China’s Defense Ministry confirmed, but downplayed, the incident on Dec. 18.  A statement on the ministry’s website noted the Chinese naval vessel “strictly followed protocol and properly handled” the encounter and the “two defense departments used normal working channels to stay informed of the relevant situation and carry out effective communication.”  A Pentagon spokesman adopted a similar stance, saying that the near-miss wasn’t “a crisis-level incident by any stretch” and would not affect US-China military-to-military relations.  In a statement sent to Phoenix TV, the US Department of Defense said that close military activities of navies from different countries are normal, and called upon all parties to follow international maritime rules.

In response to a question at a Dec. 19 press briefing, Defense Secretary Hagel condemned the dangerous maneuver by the PLAN amphibious ship as “irresponsible” and called for putting in place a mechanism to enable the US and China to defuse these kind of incidents “as they occur.”  On the same occasion, Gen. Martin Dempsey said that during his visit to China in May 2012, the two sides had agreed to establish “rules of behavior” when they encounter each other in the air, sea, and cyber domains.  He added that working groups set up to discuss these matters have been “making some progress.”

Third Plenum outlines road map for reforms

The Third Plenary Session of the 18th Chinese Communist Party (CCP) Central Committee came to a close on Nov. 12, bringing the official announcement of much anticipated domestic reform. The document outlining the Central Committee’s plenary conclusions, “A Decision on Major Issues Concerning Comprehensive and Far-Reaching Reforms,” was published three days later, on Nov. 15. This blueprint lays out a bold reform package and further highlights the strong personal authority of Xi Jinping.
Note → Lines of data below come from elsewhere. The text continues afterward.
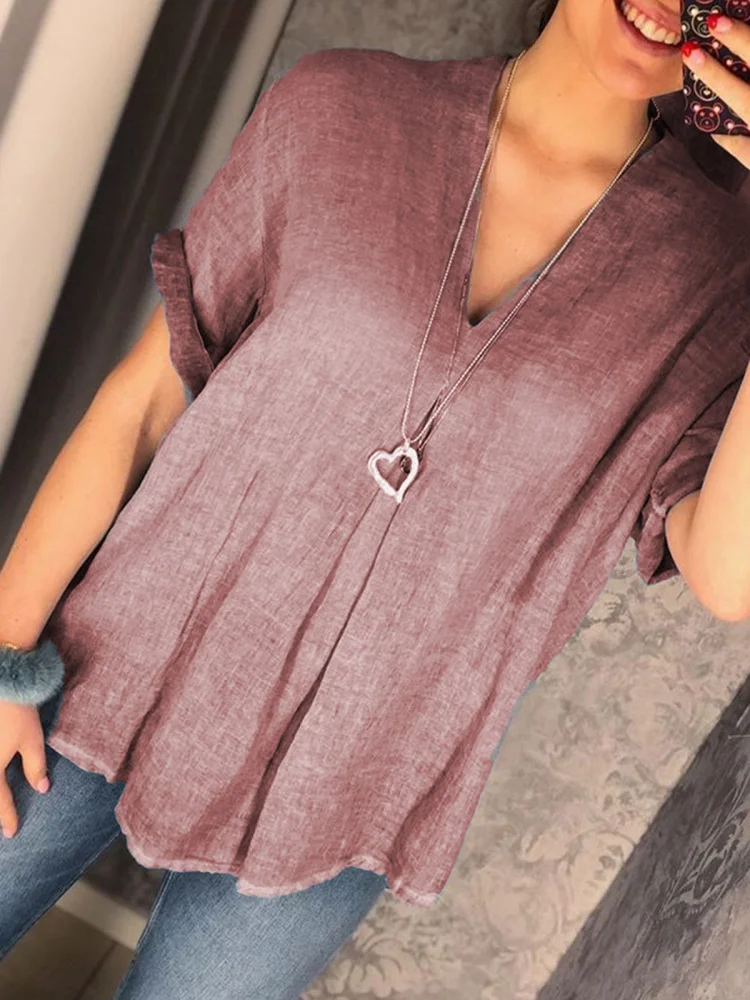 Loose cotton and linen V-neck short sleeve top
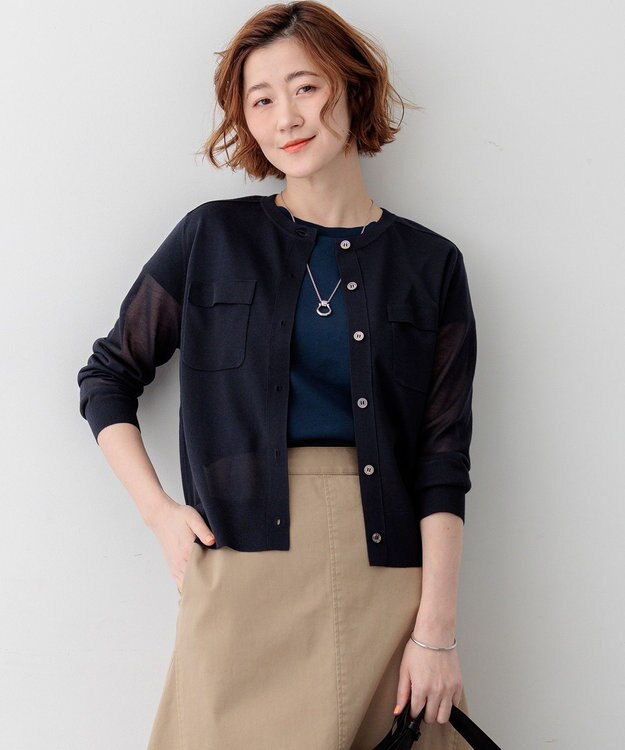 23区 【先行予約/WEB&一部店舗限定カラーあり】シャイニーシアー フラップポケット カーディガン ネイビー系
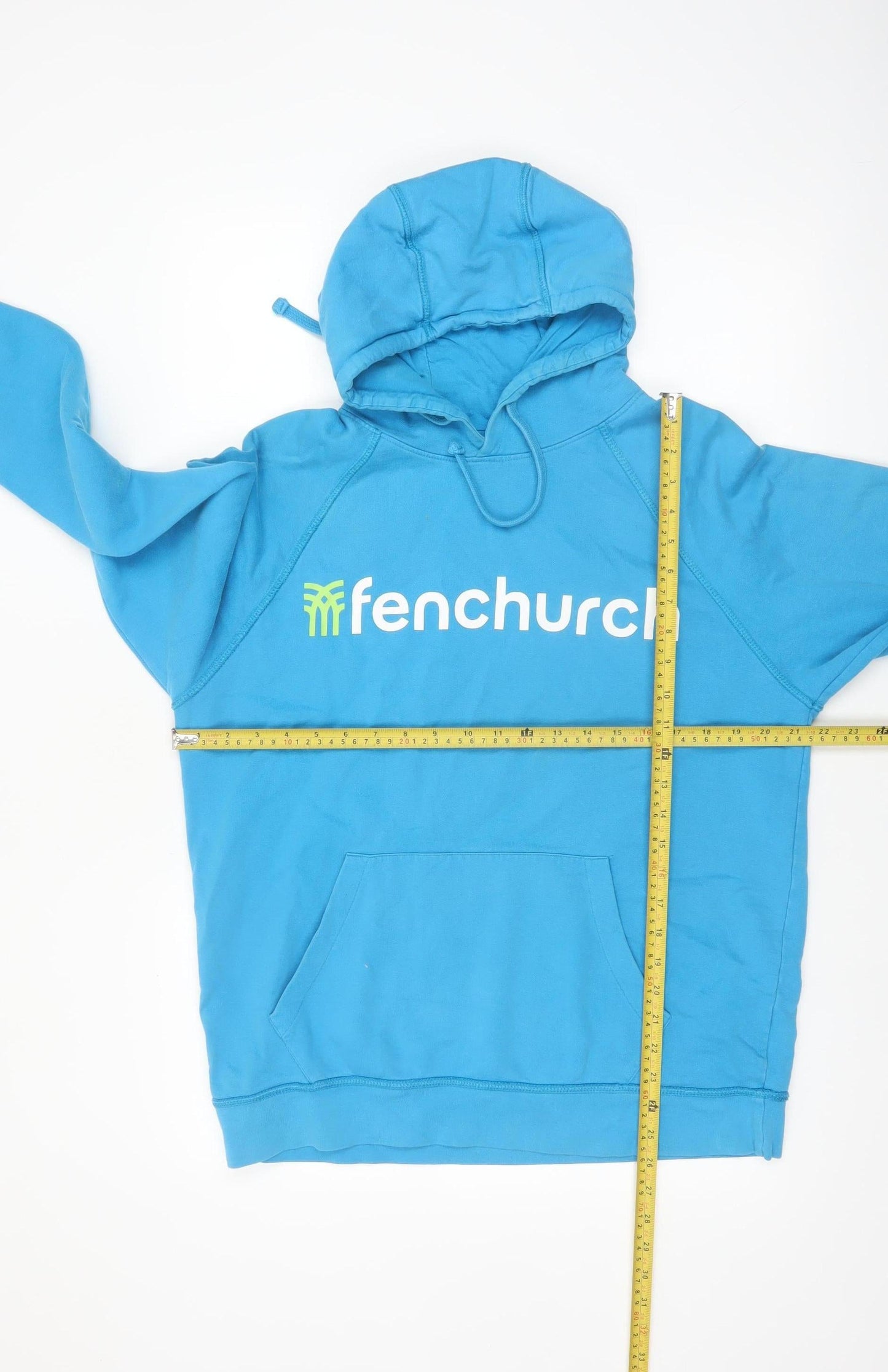Fenchurch Men’s Blue Pullover Hoodie L Logo Cotton Sweatshirt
With the ultimate goal of “rejuvenating the Chinese nation” in accordance with Xi’s Chinese Dream, the Third Plenum has endeavored to address a number of crucial, long-standing problems that, if left unchanged, would likely hinder China’s continued economic growth. Many of these reforms seek to stimulate growth of the middle class, including the easing of the infamous one-child policy, relaxation on restrictions for rural residents to obtain residency in urban areas, and numerous improvements to current taxation practices. The CCP also decided to do away with labor camps and reduced the number of crimes subject to the death penalty.

The Nov. 15 document assigned a “decisive” role to the market in allocating future resources, which is a decidedly stronger position than the “basic” role that prior government documents had accorded to the market.  As anticipated, liberalization of the financial sector is a key focus of the new reforms.  Private capital will now be allowed to set up small and medium-sized banks, and will similarly be allowed in other previously heavily guarded state owned enterprises (SOE). The document also calls for the creation of a deposit insurance system, the acceleration of market-based interest rates, and the convertibility of the renminbi capital account. SOEs will be required to remit a higher percentage of their profits to the central government and management of SOEs will be professionalized.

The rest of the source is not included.